For comparison, here are a few touchpoints along the Scoville scale:
- 0 SHU: bell pepper
- 100–8,000 SHU: most major-brand hot sauces
- 2,500–5,000 SHU: jalapeño pepper
- 5,000–10,000 SHU: chipotle pepper
- 6,000–23,000 SHU: serrano pepper
- 100,000–350,000 SHU: habanero pepper; scotch bonnet pepper
- 500,000 SHU: red savina pepper
- 1 million SHU: ghost pepper
- 1.3 million SHU: naga viper pepper
- 2.2 million SHU: Carolina Reaper pepper, the current hottest in the world
- 5.3 million SHU: police-grade pepper spray (banned from most chili cookoffs)
- 16 million SHU: pure capsaicin
The Chemistry of Caliente
Since sensitivity to heat can vary widely from person to person, the Scoville scale is primarily useful because it allows for easy comparison: tell someone that a ghost pepper registers one million SHUs, and they likely won’t know what that means. But telling them that a ghost pepper is roughly 200 times hotter than a jalapeño will give them a clearer idea of how much heat to expect. The question of whether that registers as tongue-scorching or just mildly unpleasant is completely dependant upon how sensitive they are to the jalapeño.

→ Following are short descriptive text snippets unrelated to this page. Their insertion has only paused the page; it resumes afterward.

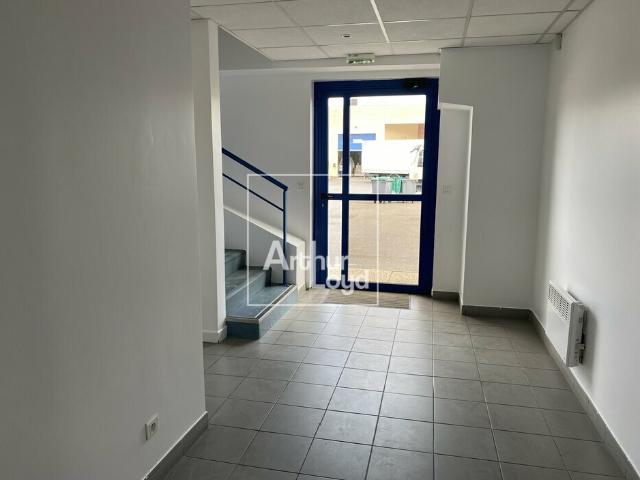 Local Commercial location à Melun, Moissy-cramayel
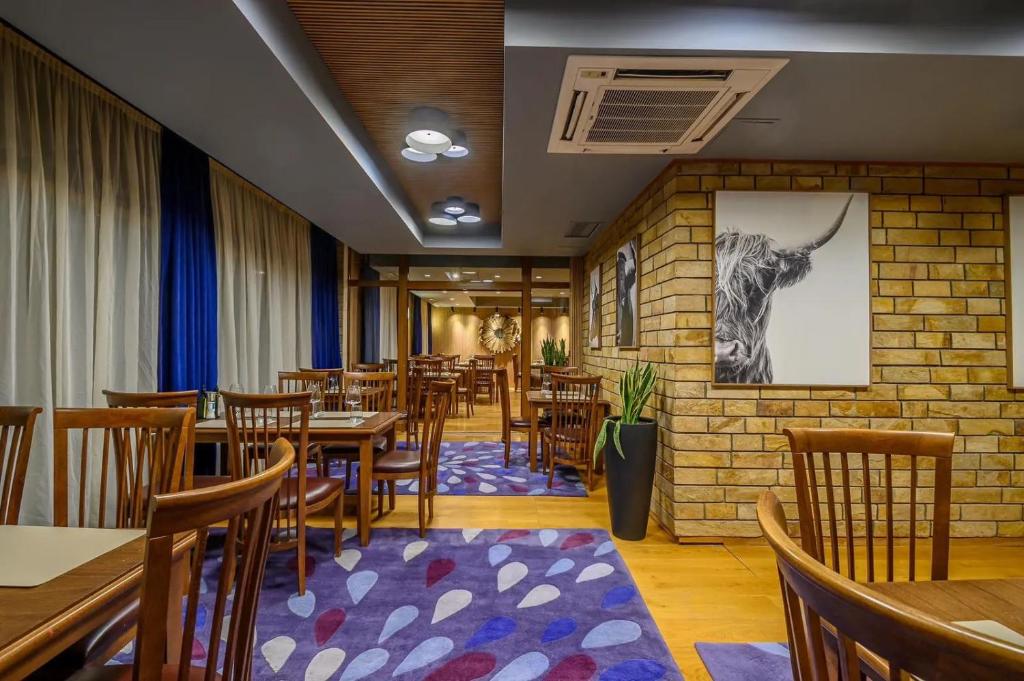 Restaurace v ubytování The Lodge Hotel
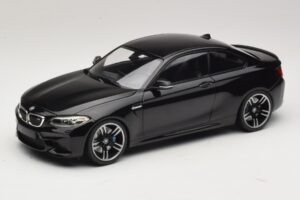 BMW M2 F87 Schwarz Metallic Minichamps 1:18 155026100 Metall
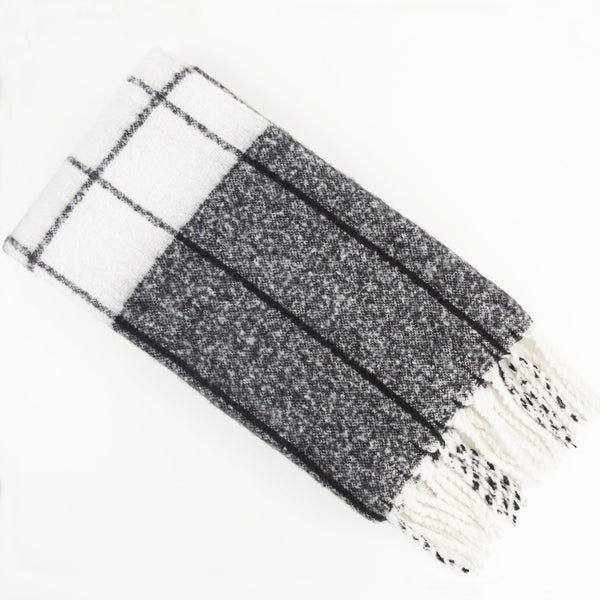 Faux Mohair Check Black/ivory 130x170 - Canwell Interiors Limited - Malini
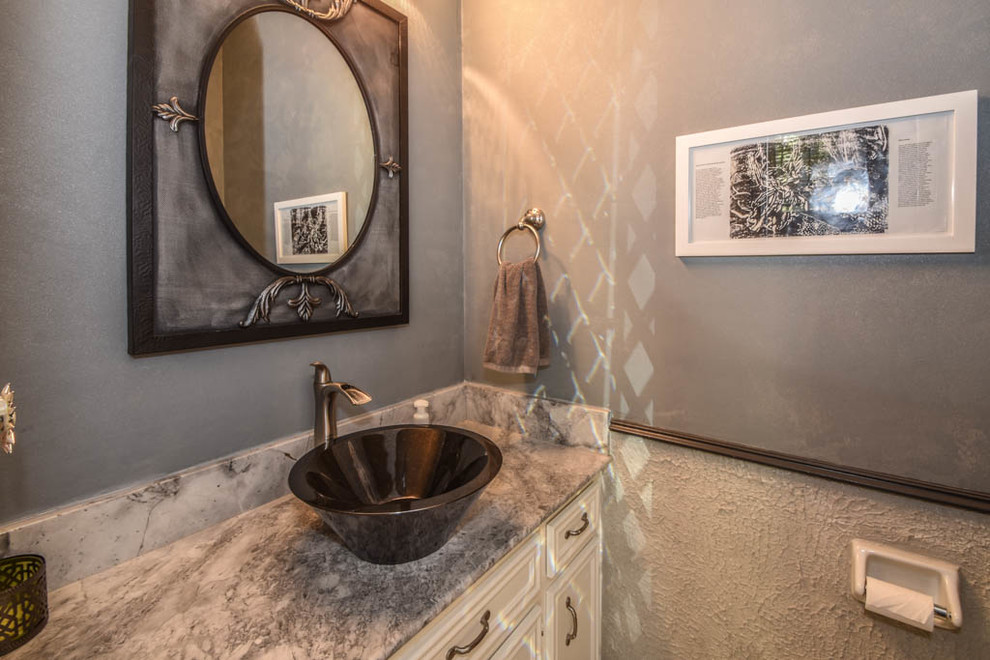 Immagine di una piccola stanza da bagno contemporanea con ante con riquadro incassato, ante bianche, piastrelle grigie, pareti grigie, lavabo a bacinella e top in marmo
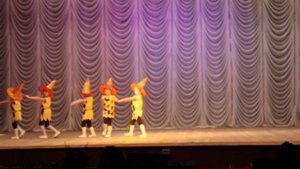 Коллектив "Капельки". Танец "Барабашка". Менделеево 29.11.2014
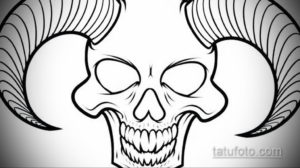 Простой эскиз татуировки: череп с большими рогами, выполненный в графичном стиле. Идеально для любителей минимализма и темных образов.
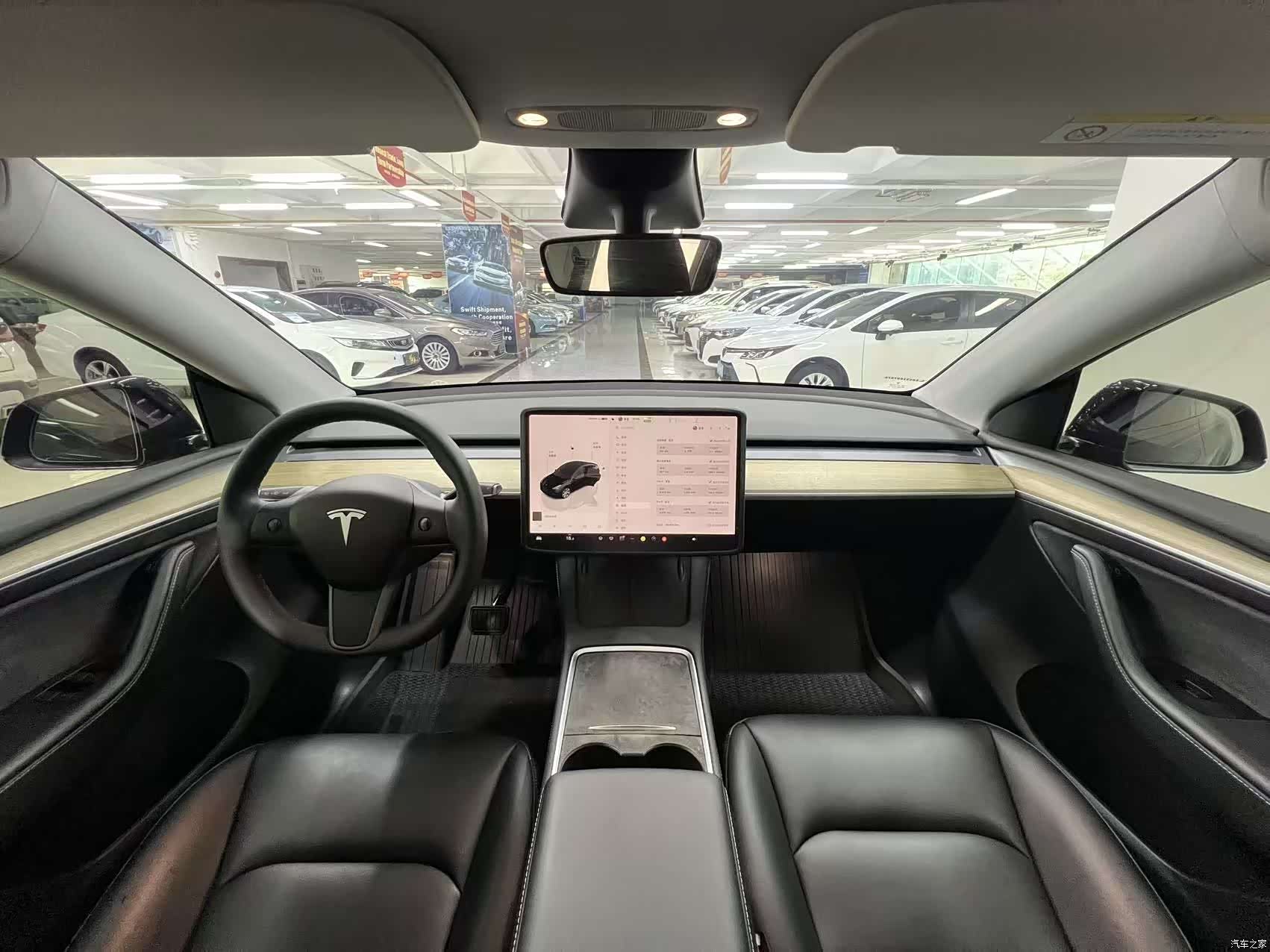 Tesla Model Y, 2023 6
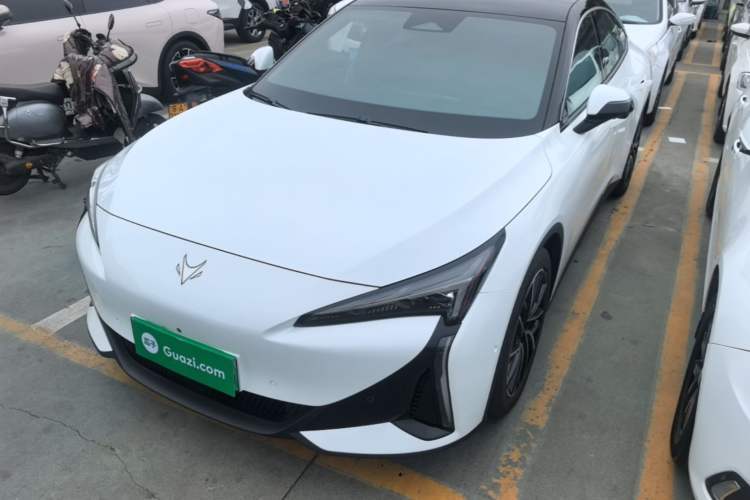Used ARCFOX Alpha S5 2025 560MAX 185kW Guazi used car, China used car export, Used car for sale, Used ARCFOX cars, Cheapest cars for sale, Electric vehicle, New energy car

Today, a process called high-performance liquid chromatography can determine the exact concentration of capsaicin, eliminating the need for human taste testers. That’s probably for the best, since it might be dangerous to test the limitations of the human tongue; in 2013, the Daily Mail reported a story of a British doctor who broke into tears and hallucinations after (voluntarily) consuming a curry that measured 6 million SHU.